RDKit: Some thoughts on the performance of the RDKit cartridge

[EDITED on 23.01.2020 John Mayfield pointed out that the way I had constructed the set of 10 million molecules wasn't reproducible. This update fixes that, but it also changes the results.]

It's been a while since I did a post about the cartridge! This one is a little bit ranty, but hopefully it's still useful.

Some background and disclaimers

I normally do performance testing on the cartridge using ChEMBL, but since that's "only" around 1.7 million compounds I wanted to try something a bit bigger. But how big? I don't see the point in shoving 100 million compounds (or a billion) into PostgreSQL (there's a mini-rant explaining this at the bottom of the post), so I went with 10 million. That's more than five times bigger than ChEMBL, but it's still not unimaginable that you'd actually have a relational schema with a molecule table this size that has data about most of those molecules in separate tables (again, see the mini-rant).
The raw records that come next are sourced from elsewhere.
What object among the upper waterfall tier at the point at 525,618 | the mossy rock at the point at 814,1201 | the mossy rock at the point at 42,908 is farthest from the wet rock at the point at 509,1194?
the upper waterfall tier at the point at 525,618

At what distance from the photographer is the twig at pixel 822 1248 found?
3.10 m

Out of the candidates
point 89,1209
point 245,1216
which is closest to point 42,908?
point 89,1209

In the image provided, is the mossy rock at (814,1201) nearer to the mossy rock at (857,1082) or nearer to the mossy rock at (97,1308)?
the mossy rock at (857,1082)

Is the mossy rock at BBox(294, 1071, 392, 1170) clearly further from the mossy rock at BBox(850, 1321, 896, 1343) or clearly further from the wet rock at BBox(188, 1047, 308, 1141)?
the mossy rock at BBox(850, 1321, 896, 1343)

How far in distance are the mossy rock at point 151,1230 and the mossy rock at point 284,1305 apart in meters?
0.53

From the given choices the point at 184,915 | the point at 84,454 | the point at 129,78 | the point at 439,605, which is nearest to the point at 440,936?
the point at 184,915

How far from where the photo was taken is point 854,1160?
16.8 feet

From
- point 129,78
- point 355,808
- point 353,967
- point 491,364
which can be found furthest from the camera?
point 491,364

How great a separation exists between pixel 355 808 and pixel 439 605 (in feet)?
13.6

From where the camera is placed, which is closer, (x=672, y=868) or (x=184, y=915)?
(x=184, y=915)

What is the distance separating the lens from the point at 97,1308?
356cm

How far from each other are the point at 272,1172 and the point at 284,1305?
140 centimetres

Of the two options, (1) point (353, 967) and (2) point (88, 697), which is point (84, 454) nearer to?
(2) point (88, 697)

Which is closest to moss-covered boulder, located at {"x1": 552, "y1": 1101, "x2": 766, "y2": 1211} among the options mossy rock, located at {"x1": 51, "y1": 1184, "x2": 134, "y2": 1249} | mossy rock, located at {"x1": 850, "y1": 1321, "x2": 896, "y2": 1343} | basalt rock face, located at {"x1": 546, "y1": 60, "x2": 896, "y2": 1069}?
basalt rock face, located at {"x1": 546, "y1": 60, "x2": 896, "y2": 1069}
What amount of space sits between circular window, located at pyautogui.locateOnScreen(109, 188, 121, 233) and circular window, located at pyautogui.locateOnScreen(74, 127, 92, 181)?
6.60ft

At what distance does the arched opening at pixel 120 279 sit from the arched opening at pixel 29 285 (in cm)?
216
My goal here is to get a sense for what kind of performance you can expect for doing "normal" chemical queries using a local PostgreSQL instance without having to spend time optimizing the database or hardware configuration. I generated all the numbers below on my Linux desktop - which is 4-5 years old at this point - using an out-of-the-box install of PostgreSQL 12 (the only configuration tuning was to increase the size of shared_buffers to 4096M and work_mem as described in the RDKit docs). I was also using the machine for other things (like reading email or writing this post in Chrome) while these queries ran, so the numbers are really just ballpark estimates.

So which molecules to use? Rather than agonizing overly much about this, I just grabbed a PubChem Compound SMILES dump and took the first 10 million molecules from that.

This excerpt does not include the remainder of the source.